En plus, au début des années 1990, le Cameroun, à l'instar de beaucoup de pays africains, notamment ceux au sud du Sahara, entre dans une période de turbulences sociopolitiques qui menacent sérieusement la stabilité voire la survie du régime en place. Des demandes pressantes pour la tenue d'une Conférence nationale souveraine en vue de refonder l'Etat au Cameroun par la mise sur pied de nouvelles institutions politiques et administratives sont formulées.
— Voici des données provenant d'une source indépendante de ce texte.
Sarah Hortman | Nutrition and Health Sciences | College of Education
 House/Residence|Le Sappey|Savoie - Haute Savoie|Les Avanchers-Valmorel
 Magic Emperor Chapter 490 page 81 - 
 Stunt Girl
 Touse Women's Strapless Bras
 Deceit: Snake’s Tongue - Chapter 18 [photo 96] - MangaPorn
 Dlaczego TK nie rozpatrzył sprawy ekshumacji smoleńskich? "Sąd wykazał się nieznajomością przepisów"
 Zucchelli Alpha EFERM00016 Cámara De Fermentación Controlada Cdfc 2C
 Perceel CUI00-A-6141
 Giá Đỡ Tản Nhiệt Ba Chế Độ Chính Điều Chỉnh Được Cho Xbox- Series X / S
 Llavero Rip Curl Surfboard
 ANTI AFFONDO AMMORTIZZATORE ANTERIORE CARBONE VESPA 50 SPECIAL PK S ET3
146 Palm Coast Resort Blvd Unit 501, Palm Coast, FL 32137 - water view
En réaction à ces exigences populaires, associatives et politiques, le pouvoir soumet à l'Assemblée nationale plusieurs projets de loi portant modification de la Constitution du 2 juin 1972 au détriment de la voie référendaire préconisée par une frange de la population. Ces projets seront adoptés par l'Assemblée nationale et les lois de révisions correspondantes promulguées par le président de la République respectivement en 1991, 1996 et en 2008. Ces révisions ont transformé les institutions consacrées par la Constitution. La révision constitutionnelle du 23 avril 1991 consacre un changement de régime politique, car elle introduit voire réintroduit les éléments essentiels du régime parlementaire dans l'ordre constitutionnel camerounais44(*). Cette nouvelle donne constitutionnelle a été maintenue, voire renforcée avec la réforme constitutionnelle du 18 janvier 199645(*).

Au demeurant, la notion de pouvoir constituant dérivé relativement bien définie en doctrine constitutionnelle française, juridiquement consacrée en droit positif camerounais est constamment mise en oeuvre dans notre ordre juridique.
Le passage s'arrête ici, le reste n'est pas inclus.